* TASK OBJECTIVE *
What you return must match the listing below exactly, minus any pictures.

* DATA SECTION *
--- --- ---

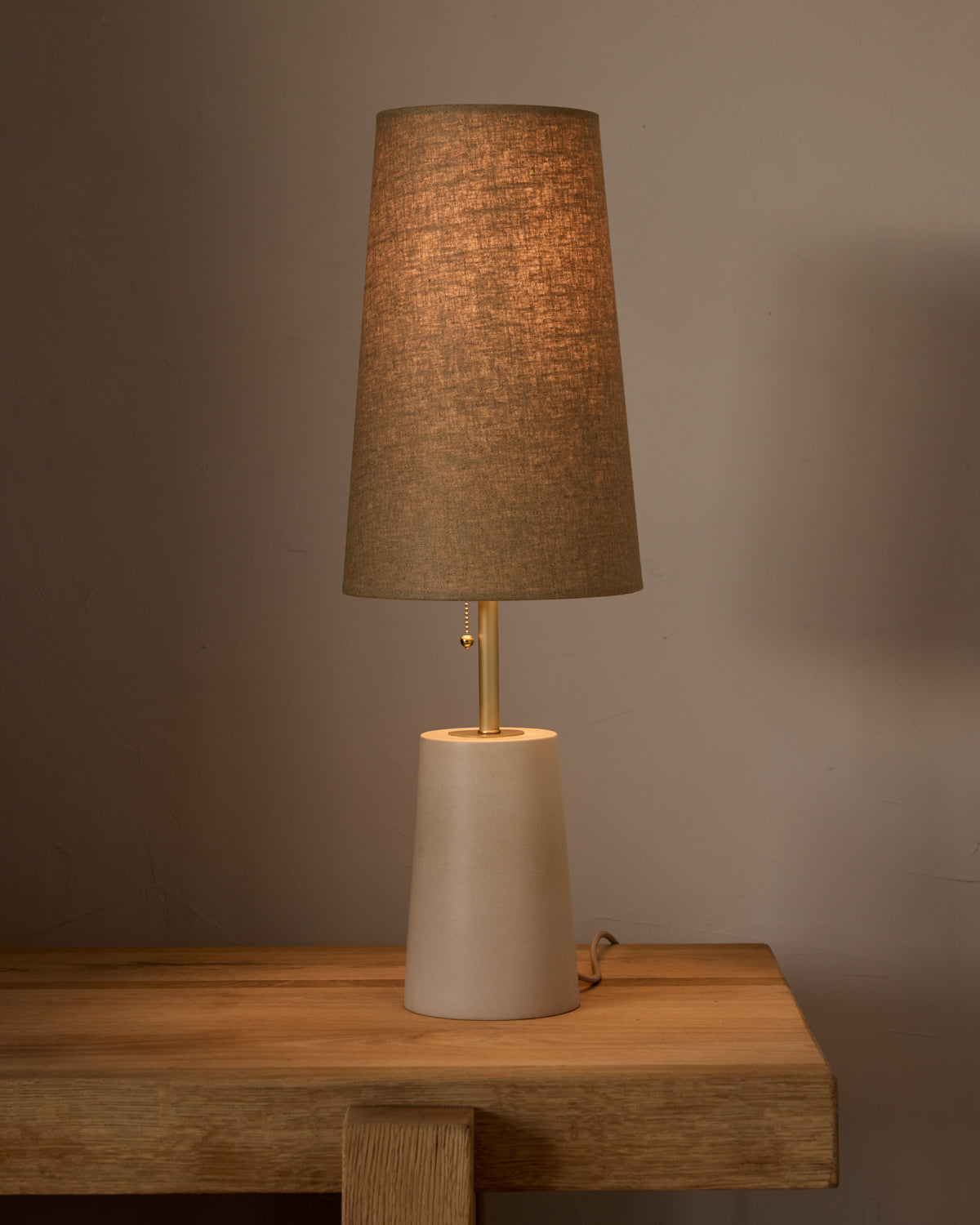 Lostine - Layla Ceramic Table Lamp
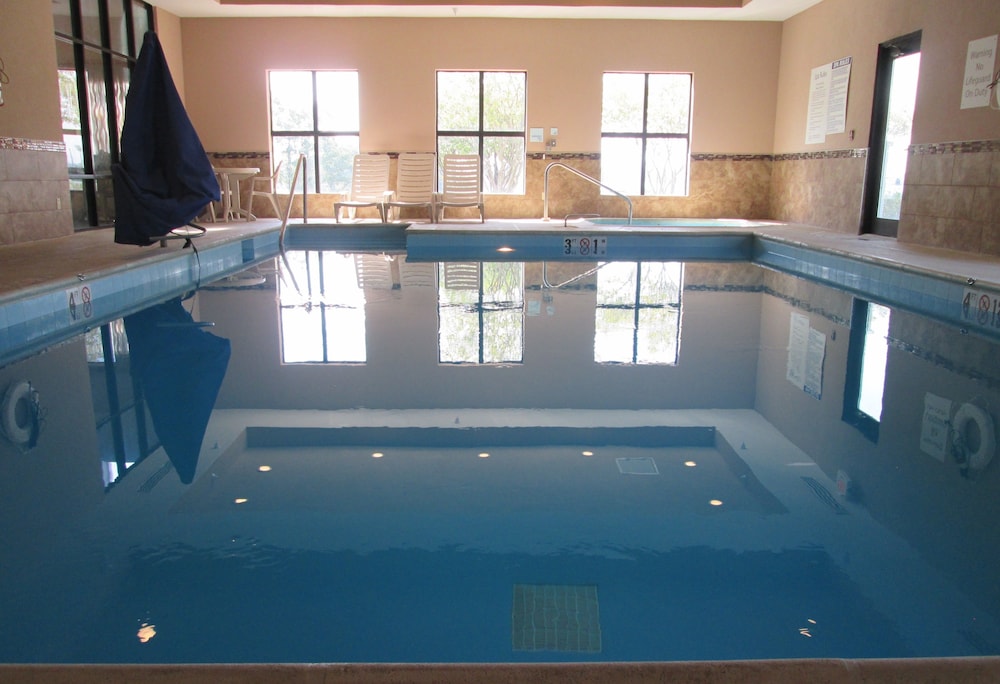 Holiday Inn Express Cloverdale(Greencastle) 37/59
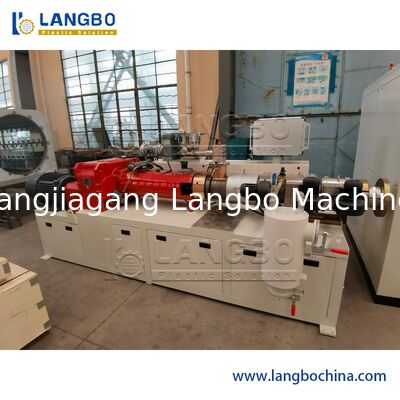 জল পাইপ পিভিসি টুইন স্ক্রু extruder, স্বয়ংক্রিয় কন্ট্রোল প্লাস্টিক এক্সট্রুশন মেশিন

--- --- ---

* TASK RESPONSE *
 Lostine - Layla Ceramic Table Lamp
 Holiday Inn Express Cloverdale(Greencastle) 37/59
 জল পাইপ পিভিসি টুইন স্ক্রু extruder, স্বয়ংক্রিয় কন্ট্রোল প্লাস্টিক এক্সট্রুশন মেশিন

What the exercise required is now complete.